Il lungo percorso compiuto da don Luigi Sturzo che lo condurrà il 18 gennaio del 1919 a fondare il Partito Popolare ebbe inizio almeno un quindicennio prima, con lo storico discorso di Caltagirone del 24 dicembre del 1905. In quella occasione, Sturzo manifestò l’intenzione di dar vita a un partito che avesse un respiro nazionale, di ispirazione cristiana, ma nel contempo aconfessionale, laico e autonomo dalle gerarchie. Per questa ragione, il partito che immaginava Sturzo non si sarebbe dovuto fregiare dell’aggettivo cattolico. L’aconfessionalità del progetto sturziano rifiutava alla radice ogni tentazione di fare di un eventuale partito il “braccio secolare” delle gerarchie, ma rigettava anche la pretesa di rappresentare l’unità politica dei cattolici italiani.

Siamo giunti al 18 gennaio del 1919, l’idea diventa fatto. Contro la tendenza a fare dei cattolici la stampella di altre offerte politiche, negoziando seggi, come ad esempio con il Patto Gentiloni relativo alle elezioni del 1913, nasce il Partito Popolare che non era né un partito cattolico, né il partito dei cattolici, ma un partito di cattolici che si appellava «a tutti gli uomini liberi e forti», per dar vita ad un partito autonomo. Ecco come il sacerdote di Caltagirone ricorda la fondazione del partito: «Era mezzanotte quando ci separammo e spontaneamente […] passando davanti la Chiesa dei santi Apostoli picchiammo alla porta: c’era l’adorazione notturna. […] Durante quest’ora di adorazione rievocai tutta la tragedia della mia vita. Non avevo mai chiesto nulla, non cercavo nulla, ero rimasto semplice prete […]. Accettavo la nuova carica di capo del partito popolare con la amarezza nel cuore, ma come un apostolato, come un sacrificio».

All’Appello seguiva un programma articolato in dodici punti, dove gli aspetti di politica interna erano espressi dalla promozione per l’integrità della famiglia, il voto alle donne, l’assistenza e la protezione dell’infanzia, nonché l’attuazione di una legislazione sociale, improntata alla cooperazione, alla riforma tributaria, alla riforma agraria, al decentramento amministrativo e alla libertà d’insegnamento. Sul fronte della politica estera, il programma del Partito Popolare si mostrava apertamente internazionalista, accettando i Quattordici punti di Wilson e dichiarandosi favorevole all’adesione alla Società delle Nazioni.

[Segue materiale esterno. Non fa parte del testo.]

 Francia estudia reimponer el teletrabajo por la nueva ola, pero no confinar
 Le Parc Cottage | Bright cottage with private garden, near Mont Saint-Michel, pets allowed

L’eredità teorica dell’azione politica sturziana è tutta racchiusa nel termine popolarismo, che si oppone al populismo in forza di una nozione di popolo articolata, dunque plurale, e differenziata al suo interno, tutt’altro che omogenea, refrattaria tanto al paternalismo quanto al leaderismo carismatico che identificano nel capo il buon pastore al quale affidare i destini del gregge. Una teoria politica con la quale il fondatore del Partito Popolare intendeva sfidare i due monopoli: quello dello stato accentratore, tipico della tradizione fintamente liberale italiana, e quello marxista e socialista nel campo operaio. Il popolarismo sturziano vuole combattere entrambi questi monopoli, in nome della libertà, declinata nel campo dell’insegnamento, dell’amministrazione locale, della rappresentanza politica e sindacale e, non ultimo, della diffusione della proprietà e della piccola e media impresa.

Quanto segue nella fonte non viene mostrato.